__REQUIREMENT__. Nothing but the lines from the one with "You are currently" through the final line of the entries should appear in the answer, copied exactly and without pictures.
SOURCE MATERIAL Block Start
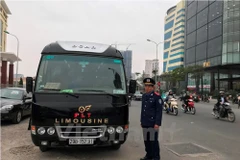 Xe dù, bến cóc đã khiến các nhà xe tuyến cố định rơi vào cảnh lao đao khi không có khách trên xe. (Ảnh: Việt Hùng/Vietnam+)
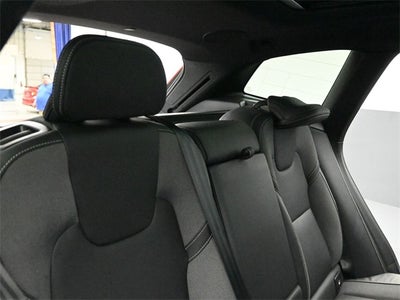 2022 Volvo XC60 Recharge Plug-In Hybrid T8 R-Design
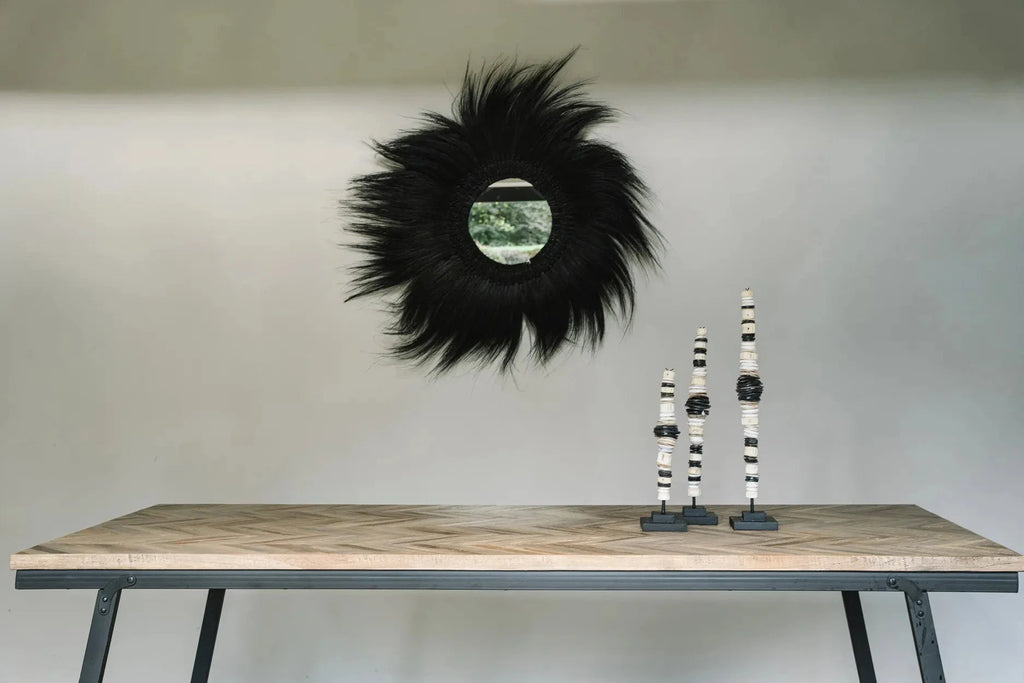 Miroir rond en herbe Rayung noire avec cadre en plumes noires, 70 cm mural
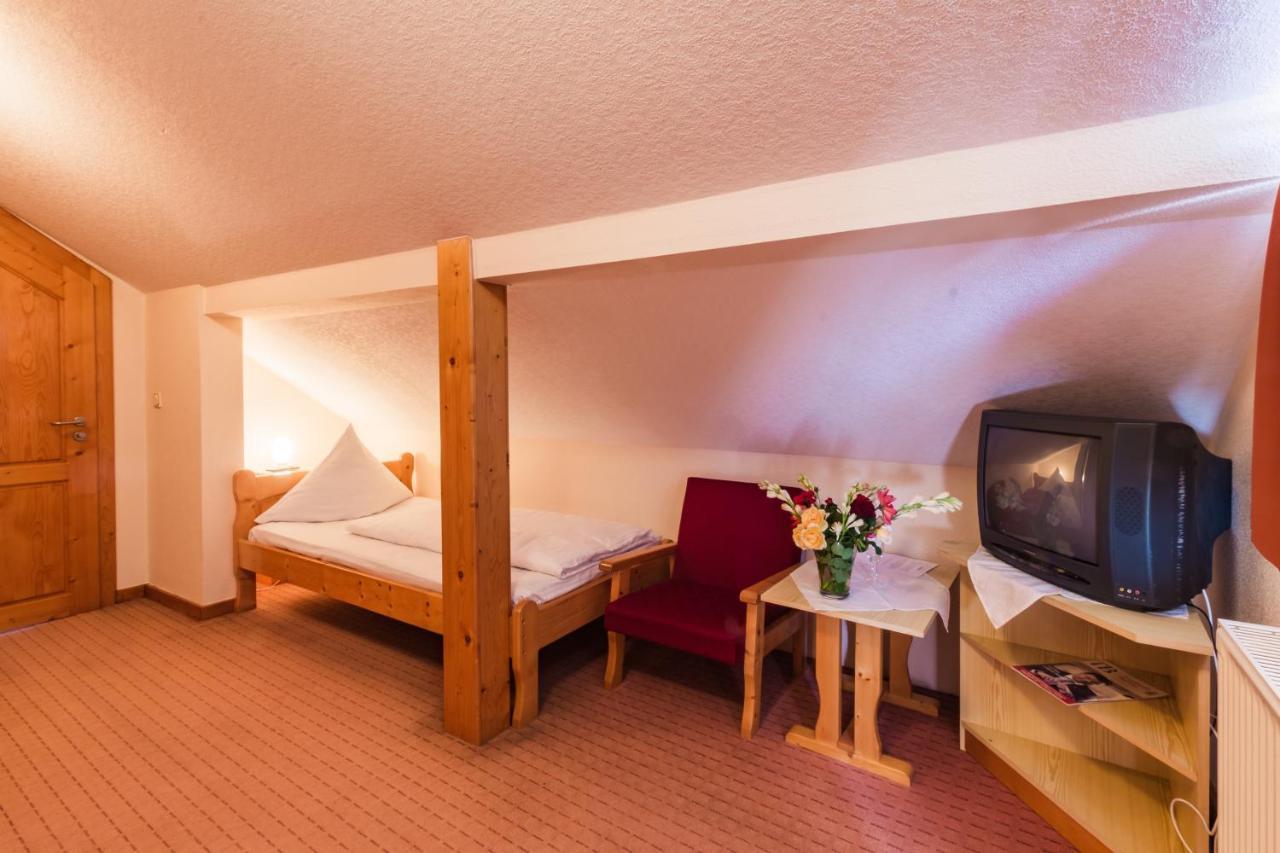 Hotel Europa Kokeltal Albesti  Bagian luar foto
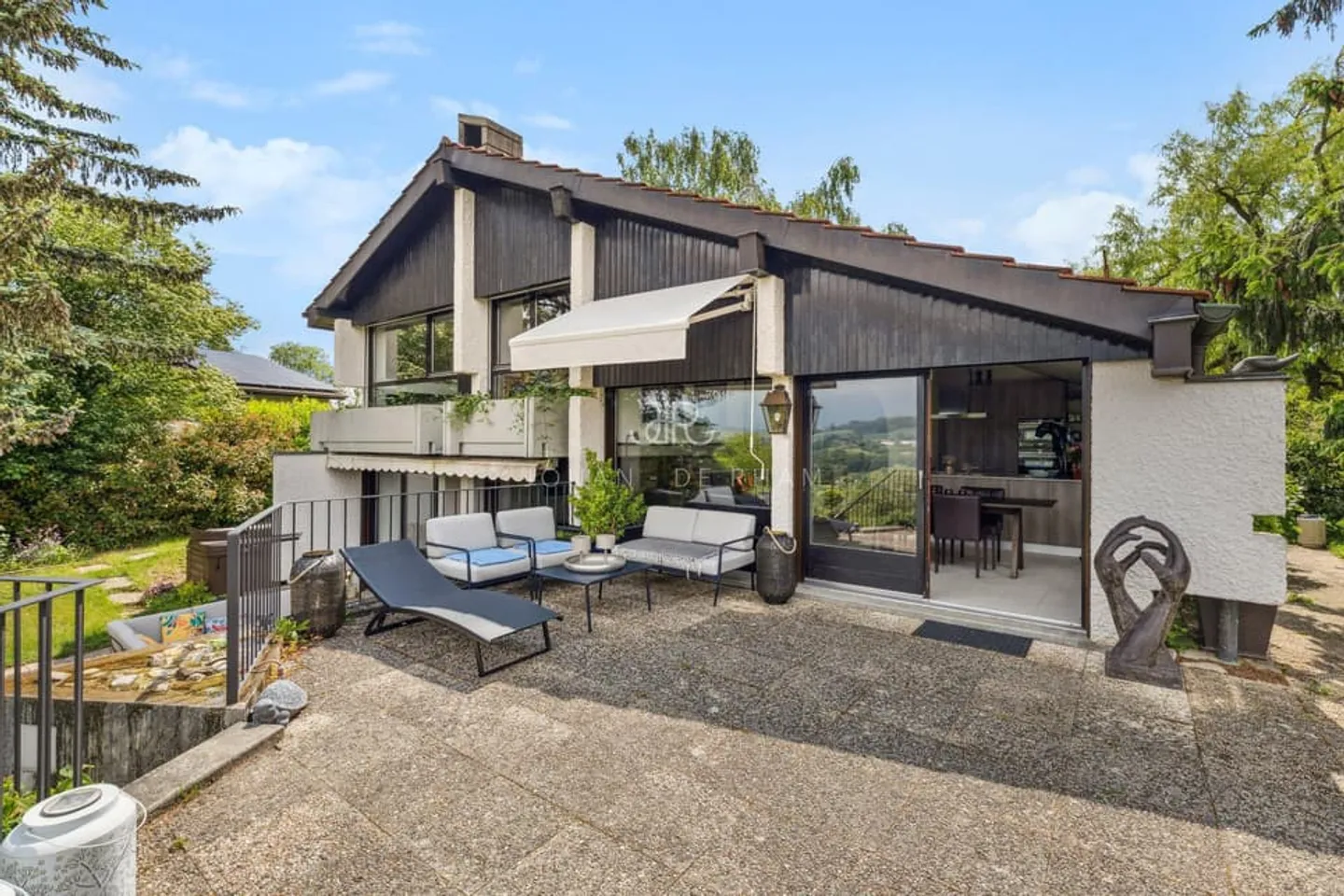 AVULLY: Magnificent renovated house with a view - Photo 1 of 11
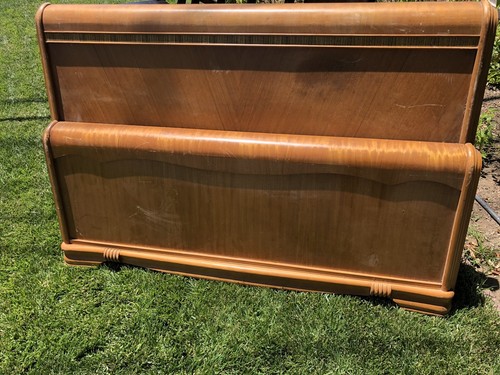 Vintage Art Deco Waterfall Bedroom Set - 1930’s-40’s - Picture 9 of 10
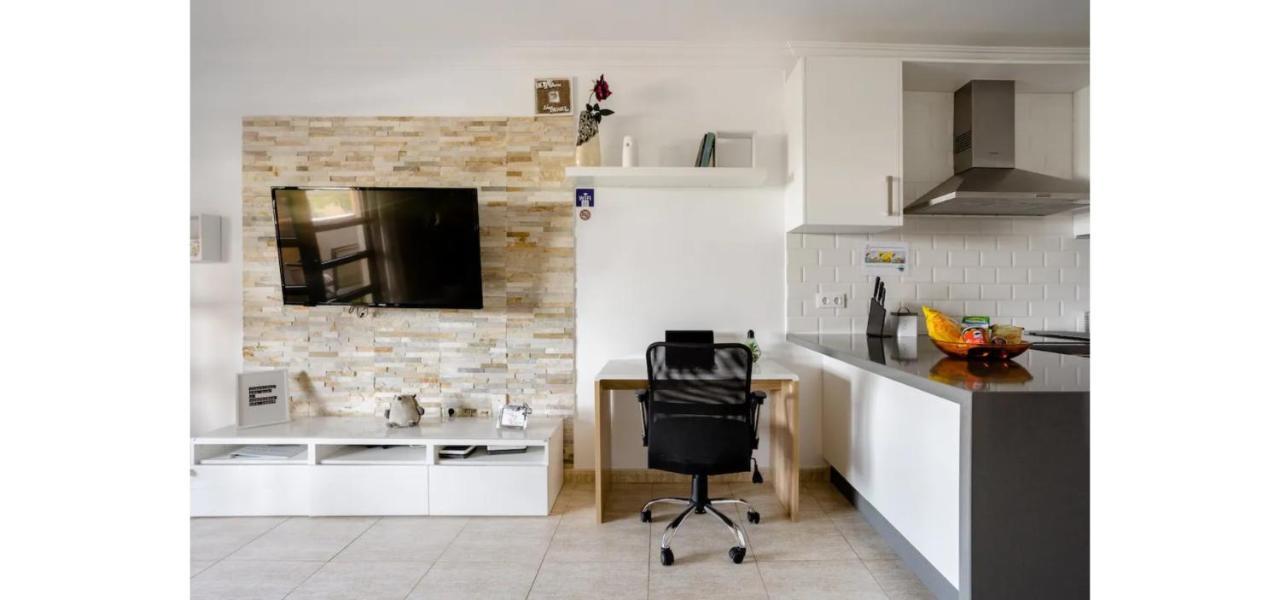 Casa Krisma, Fabulous Modern Spacious 2 Bedrooms Apartment, Remote Work, Fast Wifi, Parking And Ac * Costa Adeje (Tenerife)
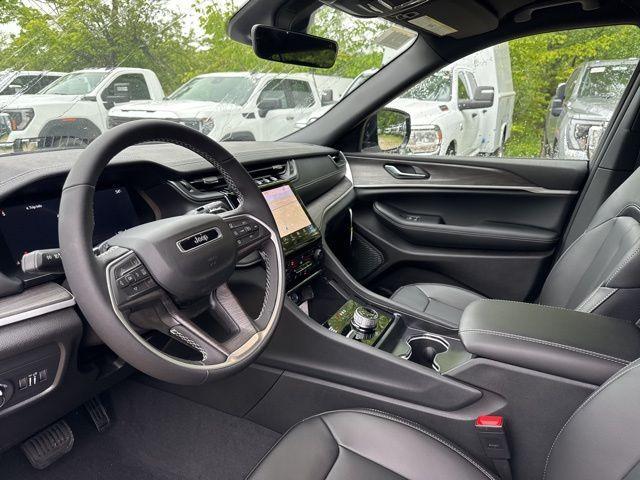 new 2025 Jeep Grand Cherokee L car, priced at $43,186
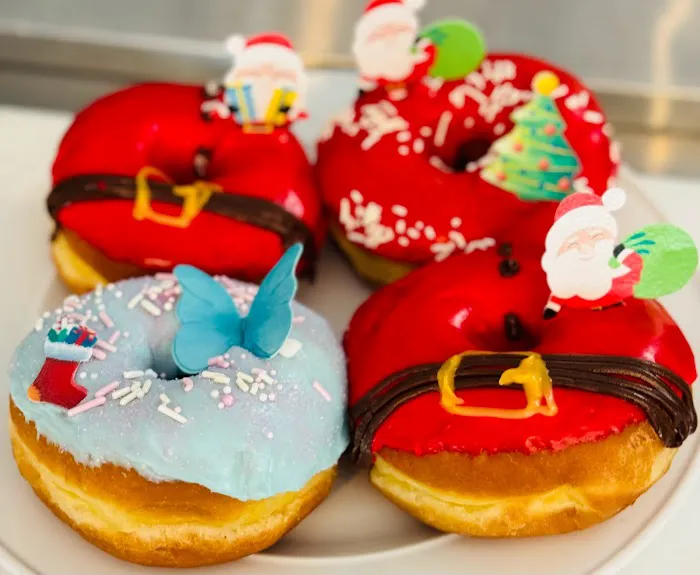 San Carlos Chuck's Donuts Picture 4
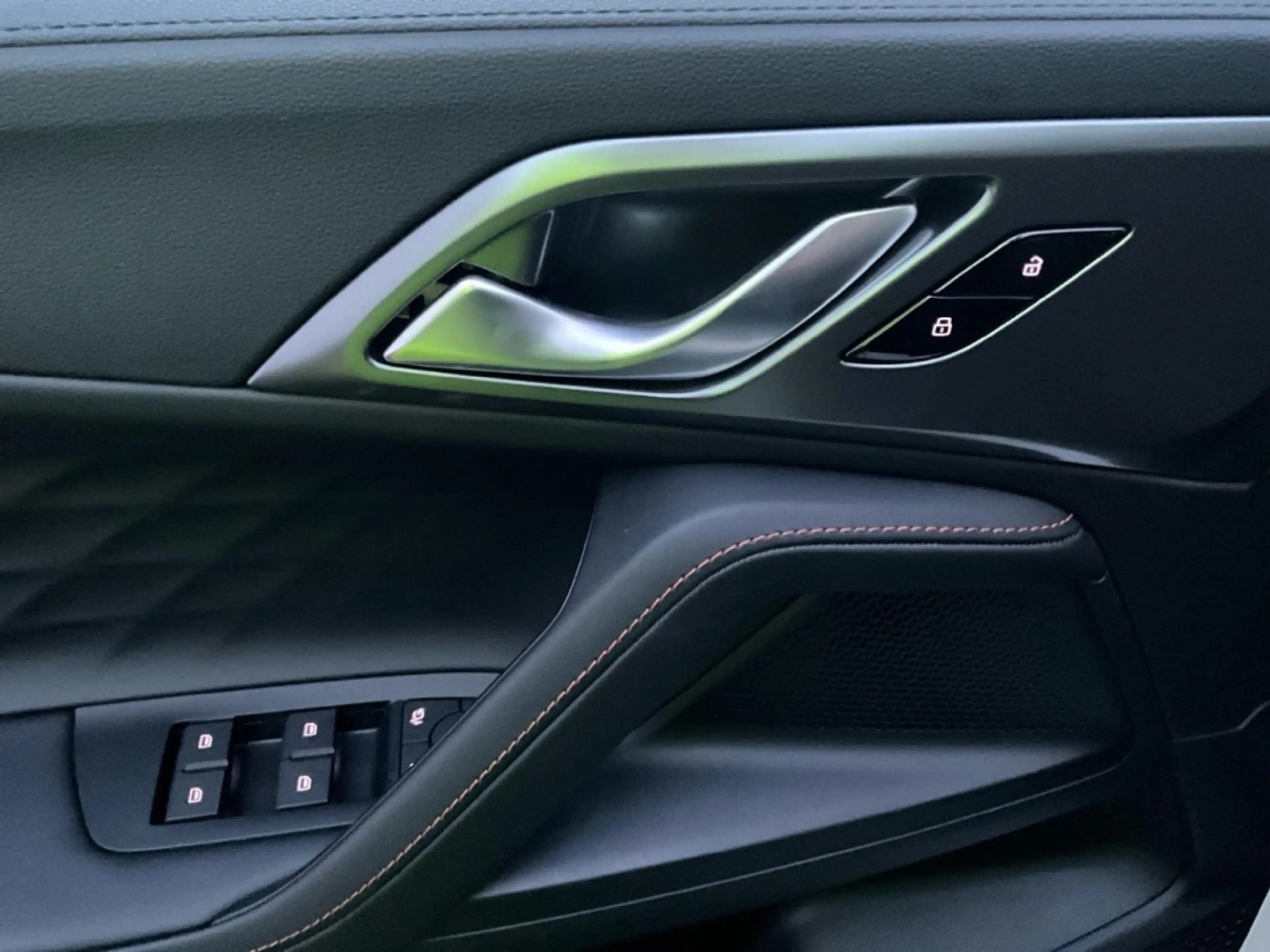 MG HS PHEV LUXURY  Navi Leder 360 Kamera LED DAB — photo 13
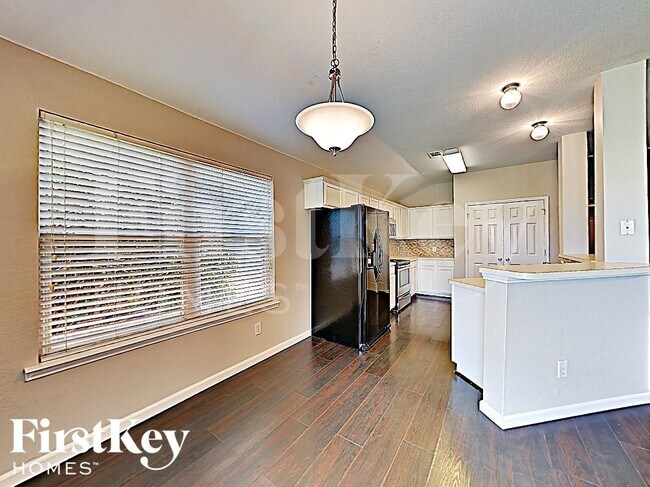 Photo - 724 Bamboo Dr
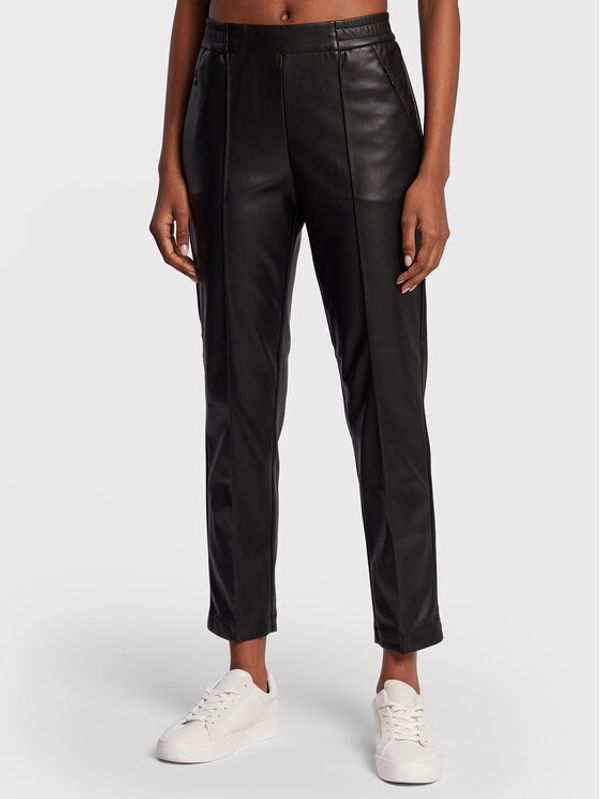 Olsen Olsen Панталони от имитация на кожа Lisa 14002019 Черен Straight Fit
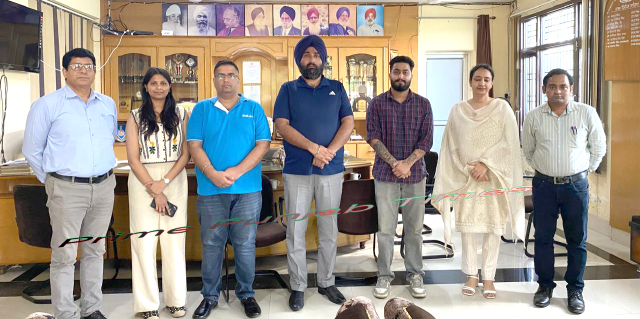 You are currently viewing ਖ਼ਾਲਸਾ ਕਾਲਜ ਗੜ੍ਹਦੀਵਾਲਾ ਵਿਖੇ ਵਿਦਿਆਰਥੀਆਂ ਲਈ ਪਲੇਸਮੈਂਟ ਡਰਾਈਵ ਦਾ ਆਯੋਜਨ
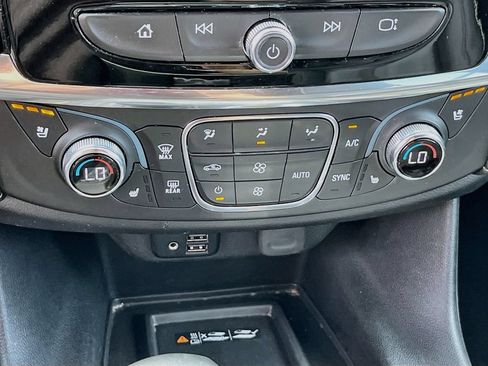 Used 2023 Chevrolet Traverse Premier FWD image 16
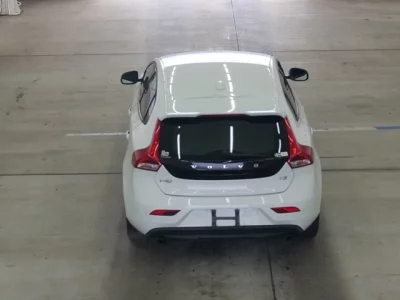 Volvo V40  с аукциона в Японии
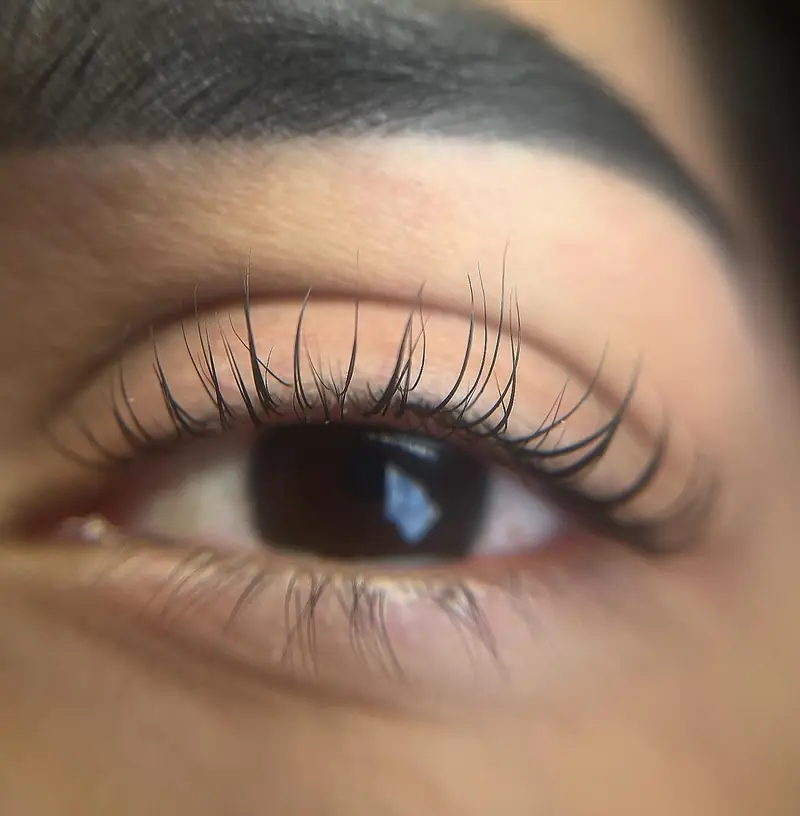 Pestañas hechas por Katy Durán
SOURCE MATERIAL Block End
__EXPECTED OUTPUT__.
 You are currently viewing ਖ਼ਾਲਸਾ ਕਾਲਜ ਗੜ੍ਹਦੀਵਾਲਾ ਵਿਖੇ ਵਿਦਿਆਰਥੀਆਂ ਲਈ ਪਲੇਸਮੈਂਟ ਡਰਾਈਵ ਦਾ ਆਯੋਜਨ
 Used 2023 Chevrolet Traverse Premier FWD image 16
 Volvo V40  с аукциона в Японии
 Pestañas hechas por Katy Durán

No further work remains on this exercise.